「自販機だ!」と思って写真を撮ったら精算機とゴミ箱があってツーショットっぽくならなくなったりもした。
街には、人の背丈と同じくらいのものが色々ある。人が見たり操作するのに便利だからだ。
しかし別の見方をすると、背丈が近い、というのは親しみやすい、という風にもとれる。
一緒に写真を撮ろうじゃないか。
例えば木のふもとで写真を撮る。
写真を見た人は、きっと特別な木で、そこで記念写真を撮ったのかな、と思うだろう。木が主役の写真だ。木と僕との間に主従がある。

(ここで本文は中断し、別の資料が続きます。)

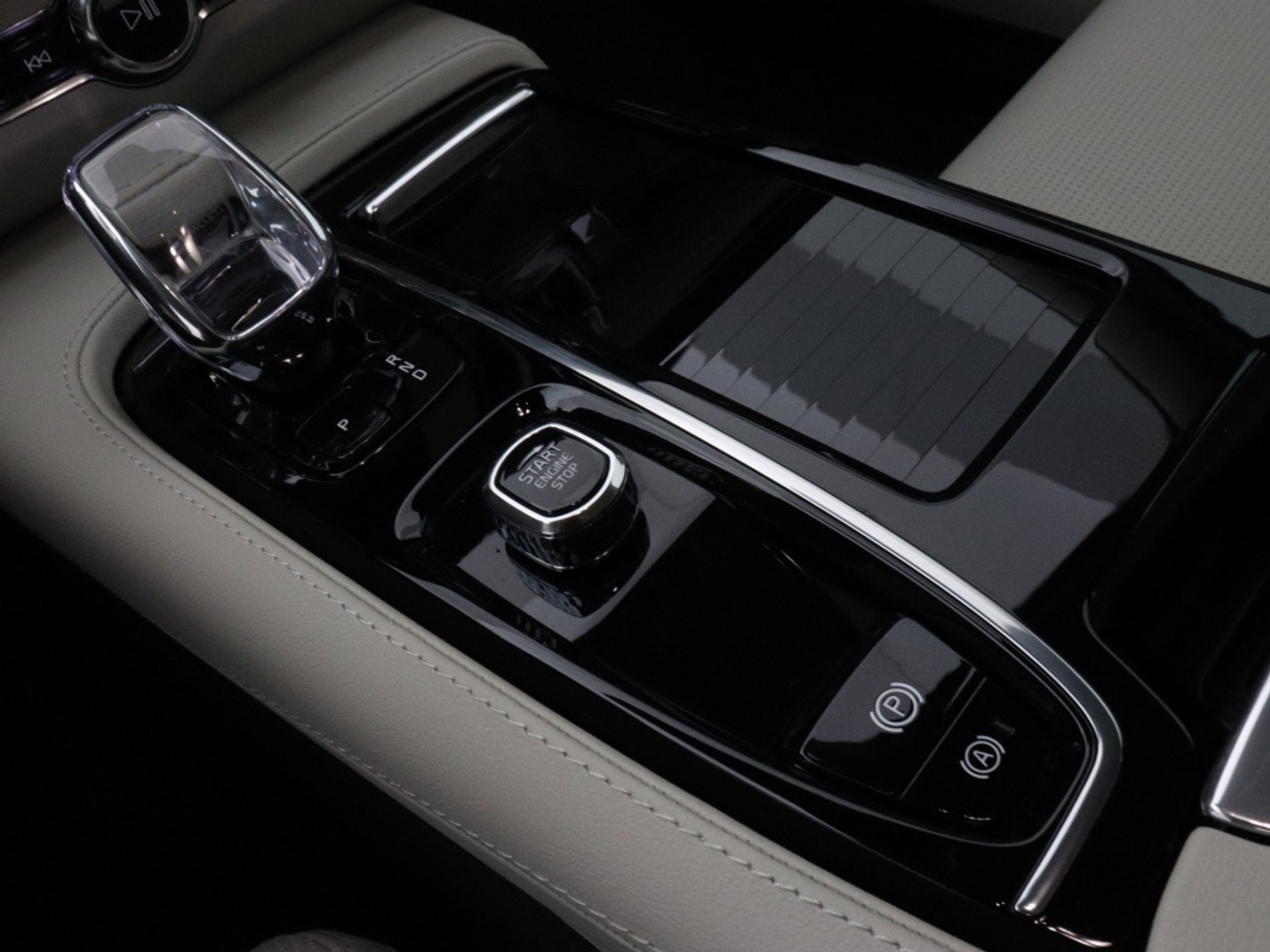 Foto van Volvo V90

実際にそこに立つと主従がよりはっきり分かる。自分よりはるかに大きなものの側に立たせてもらっている、という感覚である。
日陰になっていて涼しかった。木はすごい。
では、これを踏まえて背丈が同じくらいの標識と撮った写真を見てください。
顔を寄せ合って楽しそうにしているのが分かる。心の距離が全然違う。
学生時代に同じ部活で、卒業してからも会って遊ぶような仲。お互いが相手の恥ずかしいエピソードを2つ3つ知っているような仲、に見える。
背丈が同じくらいのものを探して河原を自転車で走ったのだけど、遠くからこの標識を見つけた時は「うわっ、会えた…!」と声が漏れた。
背丈が同じくらいだと親しみやすいのだ。
こんな感じで、背丈と同じくらいのものとツーショットを撮った。分類して紹介します。
だいたい同じくらいかな、と思って並んだら明らかに自分より高かったもの。
スポーツ選手と写真を撮らせてもらった時の感覚と似ていた。「こんなに高いんだ〜」と当たり前のことを強く実感してドキドキする。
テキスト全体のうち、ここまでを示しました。